Seneca è una personalità decisiva dell’età giulio-claudia non solo in quanto scrittore, ma anche come filosofo e uomo politico.
Il rapporto di Seneca con il potere è contrastato: condannato a morte e poi graziato da Caligola, viene esiliato in Corsica da Claudio, con l’accusa di adulterio con la sorella del precedente imperatore.
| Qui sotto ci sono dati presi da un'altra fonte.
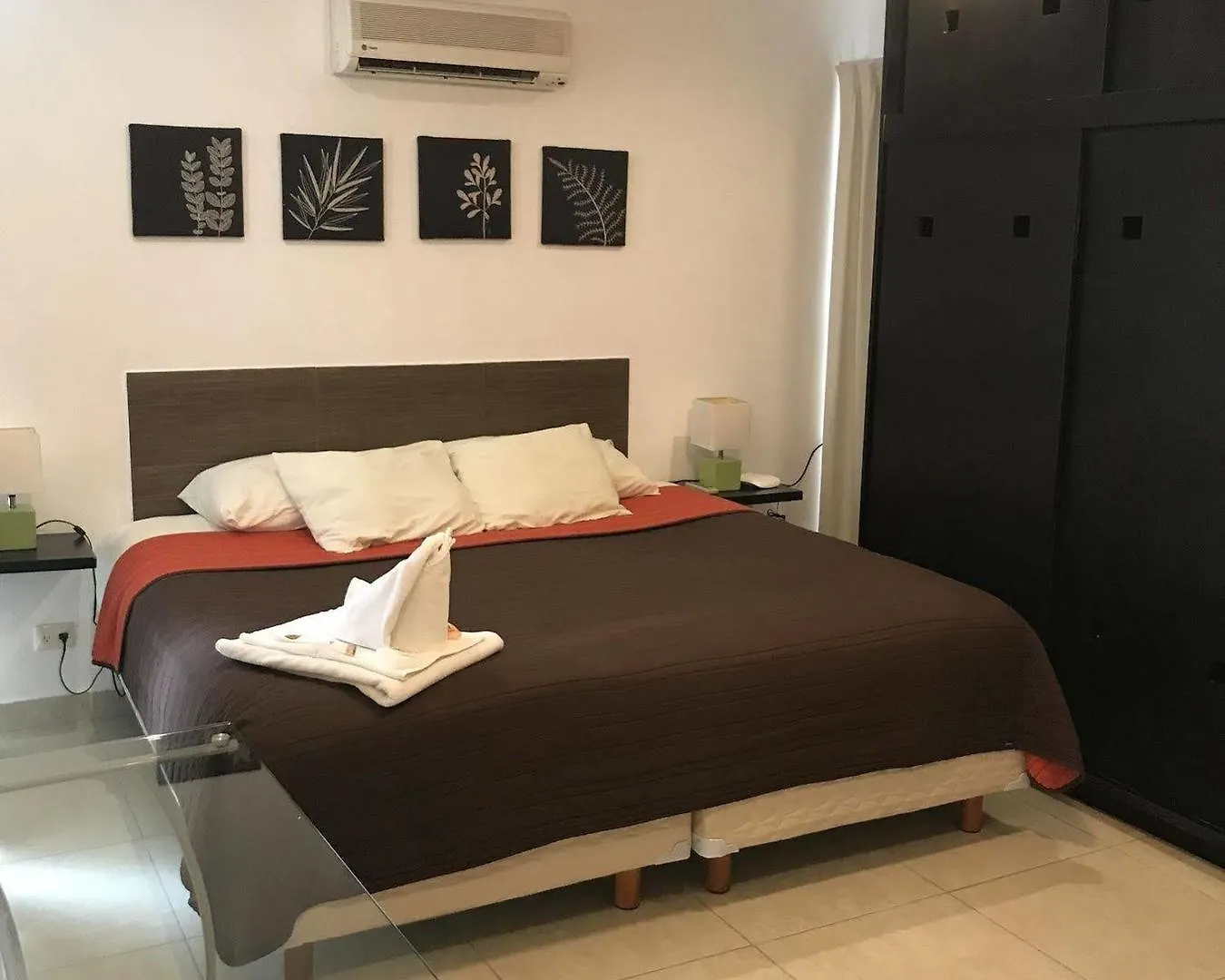 Apartamento Casa Fausta Playa del Carmen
Durante gli otto anni di esilio, Seneca si dedica completamente alla scrittura dei Dialoghi (Dialogorum libri), scritti filosofico-morali impostati come dialoghi con interlocutori fittizi che sviluppano ciascuno, in maniera dialettica, un tema della filosofia stoica (per esempio il De brevitate vitae, che spiega come la vita sia breve solo se non la si utilizza con saggezza, o il De ira, che spiega come dominare le passioni).
Tornato dall’esilio, Seneca diventa precettore di Nerone e lo assiste nei primi anni di regno. Messo poi in disparte dalla politica sempre più autoritaria di Nerone, Seneca può serenamente dedicarsi al suo capolavoro, le Lettere a Lucilio (Epistulae ad Lucilium), sintesi del pensiero filosofico di Seneca che esplorano in profondità le inquietudini e le contraddizioni dell’animo umano partendo dalle esperienze degli interlocutori per approdare a considerazioni generali su temi quali la funzione della filosofia, l’amicizia, la morte, la schiavitù.
Emblematico della “fede” stoica di Seneca è anche il suo suicidio, sospeso tra mito e realtà: quando viene scoperta la congiura antineroniana di Pisone, il filosofo, sospettato di un coinvolgimento e destinato alla morte, decide di togliersi la vita per affermare la propria libertà spirituale e intellettuale e conservare la propria integrità morale. Celebre è il racconto dello storico Tacito, secondo il quale Seneca si sarebbe fatto tagliare le vene e avrebbe atteso la morte sereno, dispensando insegnamenti ai suoi discepoli.